**Activity**
Copy out all lines from the material that contain the string "besten".

**Available data**

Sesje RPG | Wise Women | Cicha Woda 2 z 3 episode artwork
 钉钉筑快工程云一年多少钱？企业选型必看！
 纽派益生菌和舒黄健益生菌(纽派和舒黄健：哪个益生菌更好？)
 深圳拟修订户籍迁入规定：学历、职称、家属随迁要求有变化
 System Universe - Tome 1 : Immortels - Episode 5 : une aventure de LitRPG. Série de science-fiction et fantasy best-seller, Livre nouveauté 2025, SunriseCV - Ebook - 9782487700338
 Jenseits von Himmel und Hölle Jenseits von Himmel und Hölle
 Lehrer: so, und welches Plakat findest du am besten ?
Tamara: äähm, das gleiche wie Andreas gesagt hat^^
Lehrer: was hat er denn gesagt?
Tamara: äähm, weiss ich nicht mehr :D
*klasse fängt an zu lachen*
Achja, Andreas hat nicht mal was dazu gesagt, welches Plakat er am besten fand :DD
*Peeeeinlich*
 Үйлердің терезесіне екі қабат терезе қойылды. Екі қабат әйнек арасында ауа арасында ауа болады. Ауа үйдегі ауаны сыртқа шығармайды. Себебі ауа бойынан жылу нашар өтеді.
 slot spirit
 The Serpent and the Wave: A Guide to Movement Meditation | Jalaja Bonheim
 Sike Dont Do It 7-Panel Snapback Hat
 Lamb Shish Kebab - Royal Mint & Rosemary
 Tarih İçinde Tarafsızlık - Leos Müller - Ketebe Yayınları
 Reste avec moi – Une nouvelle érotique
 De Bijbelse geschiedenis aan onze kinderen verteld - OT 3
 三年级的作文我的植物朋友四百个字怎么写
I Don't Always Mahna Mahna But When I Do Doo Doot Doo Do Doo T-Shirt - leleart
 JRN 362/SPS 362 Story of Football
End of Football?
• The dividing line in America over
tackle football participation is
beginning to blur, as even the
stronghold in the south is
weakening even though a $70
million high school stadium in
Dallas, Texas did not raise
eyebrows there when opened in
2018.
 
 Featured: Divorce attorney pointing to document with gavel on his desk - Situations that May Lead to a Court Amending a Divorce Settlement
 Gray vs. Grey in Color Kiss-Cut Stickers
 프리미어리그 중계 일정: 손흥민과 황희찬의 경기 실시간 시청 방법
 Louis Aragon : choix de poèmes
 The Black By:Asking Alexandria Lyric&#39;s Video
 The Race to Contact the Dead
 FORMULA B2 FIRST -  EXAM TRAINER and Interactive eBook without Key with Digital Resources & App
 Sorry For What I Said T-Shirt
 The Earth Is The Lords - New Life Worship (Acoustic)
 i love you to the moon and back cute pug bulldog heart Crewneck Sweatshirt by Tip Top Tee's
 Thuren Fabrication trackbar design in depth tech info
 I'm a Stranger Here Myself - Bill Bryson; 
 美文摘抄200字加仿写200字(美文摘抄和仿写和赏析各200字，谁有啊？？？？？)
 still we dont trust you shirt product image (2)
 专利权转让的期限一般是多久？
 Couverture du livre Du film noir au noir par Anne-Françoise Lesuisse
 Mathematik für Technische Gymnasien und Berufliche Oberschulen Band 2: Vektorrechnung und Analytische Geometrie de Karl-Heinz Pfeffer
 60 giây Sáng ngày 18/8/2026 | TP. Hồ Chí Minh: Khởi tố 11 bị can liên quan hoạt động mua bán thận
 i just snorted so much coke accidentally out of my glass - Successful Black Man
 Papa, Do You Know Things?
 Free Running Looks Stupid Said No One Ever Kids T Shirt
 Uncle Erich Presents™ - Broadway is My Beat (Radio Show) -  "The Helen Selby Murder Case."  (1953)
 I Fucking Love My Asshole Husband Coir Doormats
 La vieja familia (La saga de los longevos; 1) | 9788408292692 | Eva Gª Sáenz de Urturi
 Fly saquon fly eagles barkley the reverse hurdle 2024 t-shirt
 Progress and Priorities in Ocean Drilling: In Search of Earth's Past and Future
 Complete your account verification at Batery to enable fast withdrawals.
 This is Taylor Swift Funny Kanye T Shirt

**Written answer**
 Lehrer: so, und welches Plakat findest du am besten ?
Achja, Andreas hat nicht mal was dazu gesagt, welches Plakat er am besten fand :DD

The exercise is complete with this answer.